■ EXERCISE AIM: Your task is to transcribe all the entries exactly, excluding pictures.
──────
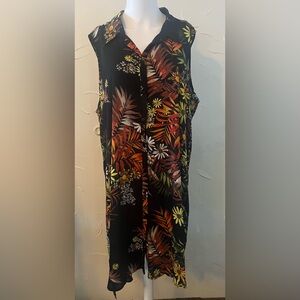 SPENSE WOMAN SLEEVELESS HIGH LOW HEM FLORAL LEAF PRINT DRESS SZ 1X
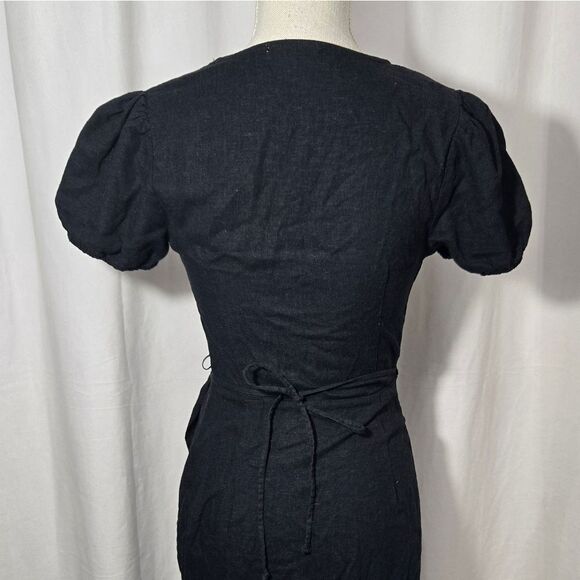 Culture Code Black Linen Wrap Dress Sz Small - Picture 4 of 6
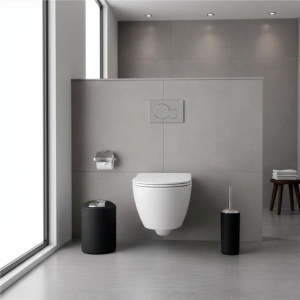 Set accesorii baie, 6 piese din plastic, cu perie WC si cos de gunoi, finisaj mat si lucios, negru argintiu - Img 4
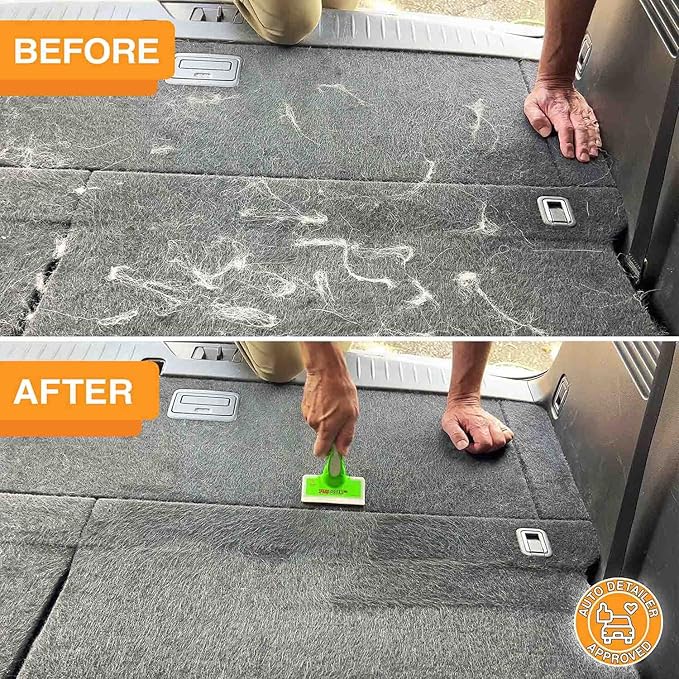 FurDozer X6 Pet Hair Remover & Auto Detailing Tool - Cat & Dog Hair Remover for Carpets, Car Interiors, Couches, Bedding, & Pet Furniture - Reusable Pet Hair Removal Tool for Fur & Lint (2-Pack)-PawvioPets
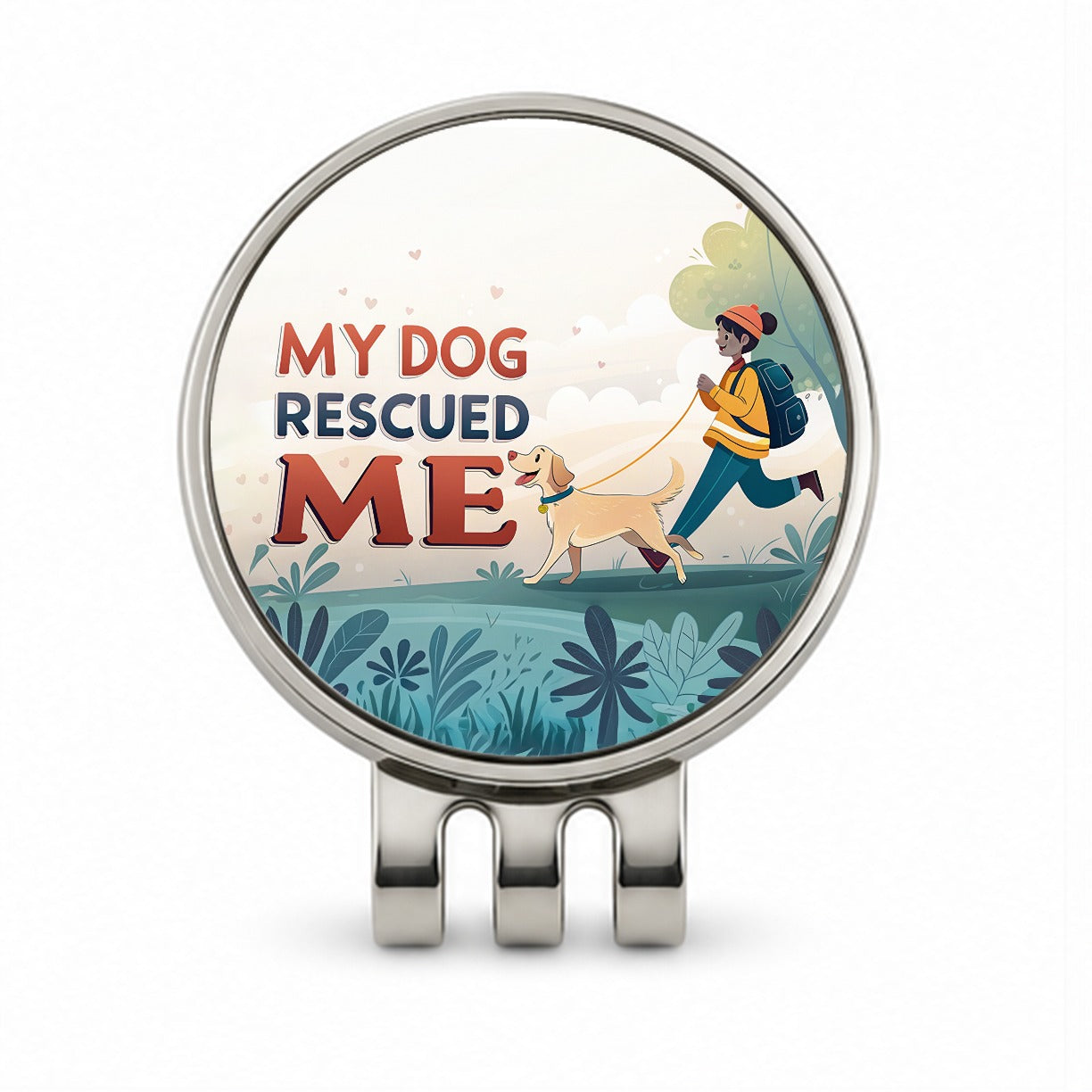 My Dog Rescued Me Pet Adoption Golf Hat Clip with Ball Marker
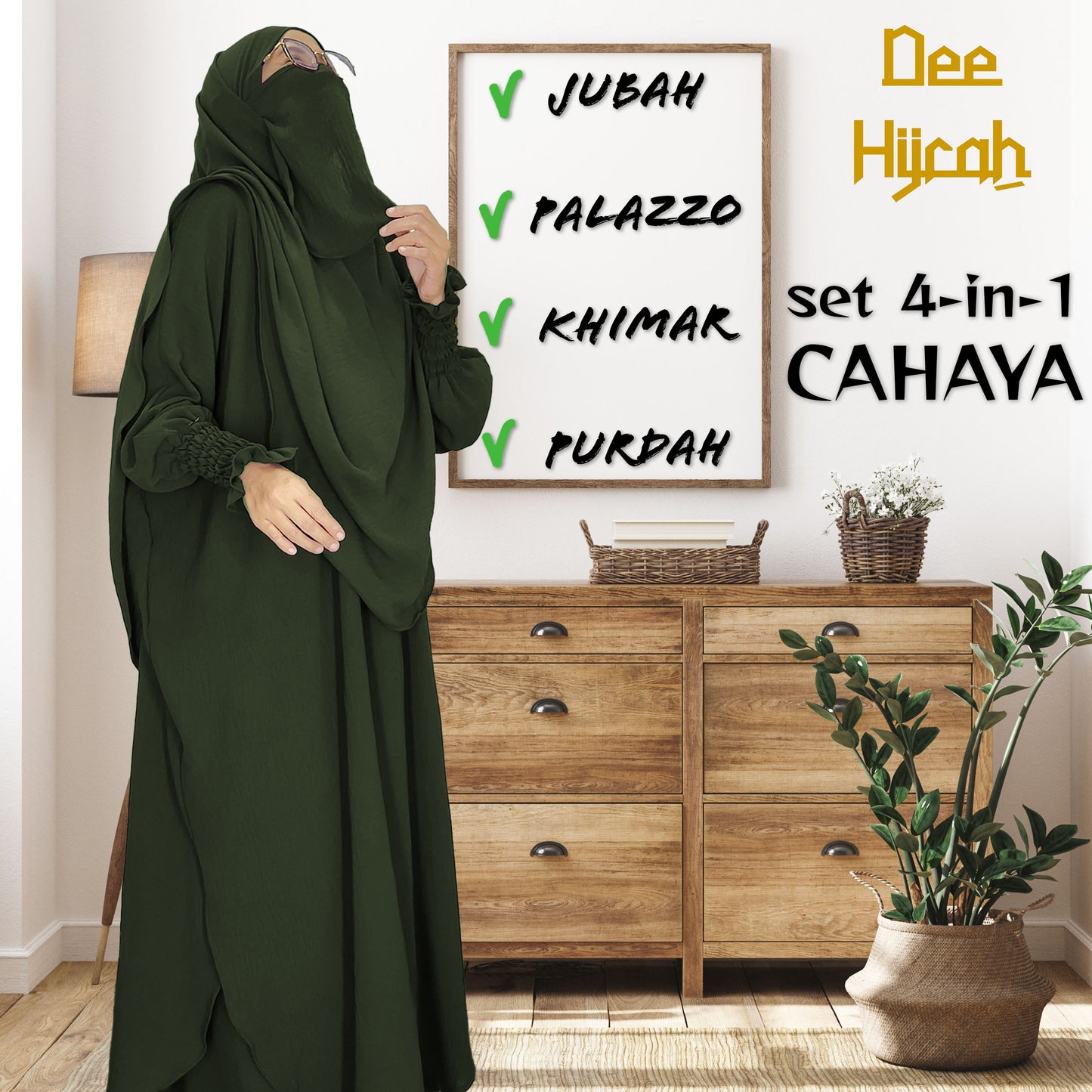 Set 4-in-1 CAHAYA - Jubah and pant with long Khimar and free short niqab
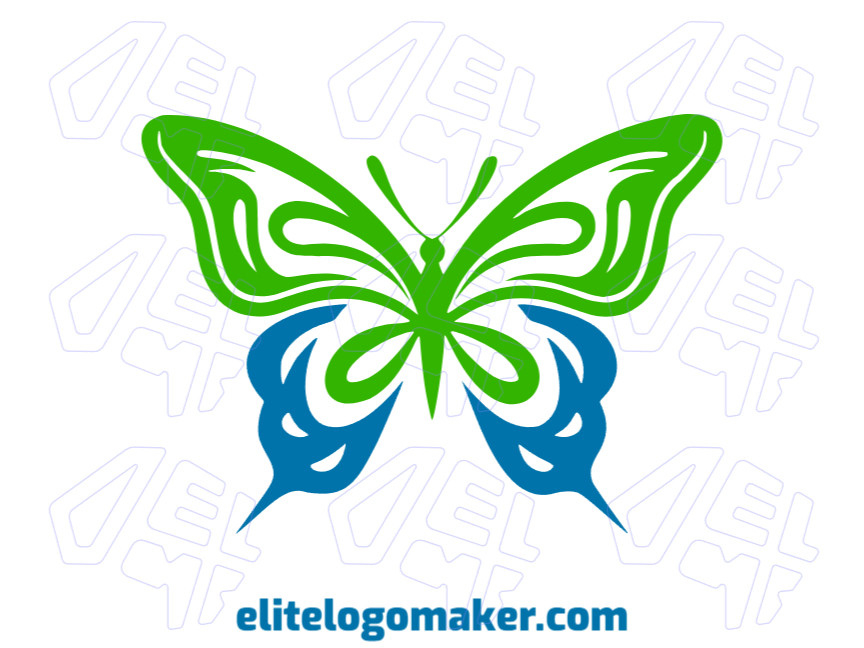 Crie seu próprio logotipo com a forma de uma borboleta elegante com estilo minimalista e com as cores verde e azul.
──────
■ TASK SOLUTION:
 SPENSE WOMAN SLEEVELESS HIGH LOW HEM FLORAL LEAF PRINT DRESS SZ 1X
 Culture Code Black Linen Wrap Dress Sz Small - Picture 4 of 6
 Set accesorii baie, 6 piese din plastic, cu perie WC si cos de gunoi, finisaj mat si lucios, negru argintiu - Img 4
 FurDozer X6 Pet Hair Remover & Auto Detailing Tool - Cat & Dog Hair Remover for Carpets, Car Interiors, Couches, Bedding, & Pet Furniture - Reusable Pet Hair Removal Tool for Fur & Lint (2-Pack)-PawvioPets
 My Dog Rescued Me Pet Adoption Golf Hat Clip with Ball Marker
 Set 4-in-1 CAHAYA - Jubah and pant with long Khimar and free short niqab
 Crie seu próprio logotipo com a forma de uma borboleta elegante com estilo minimalista e com as cores verde e azul.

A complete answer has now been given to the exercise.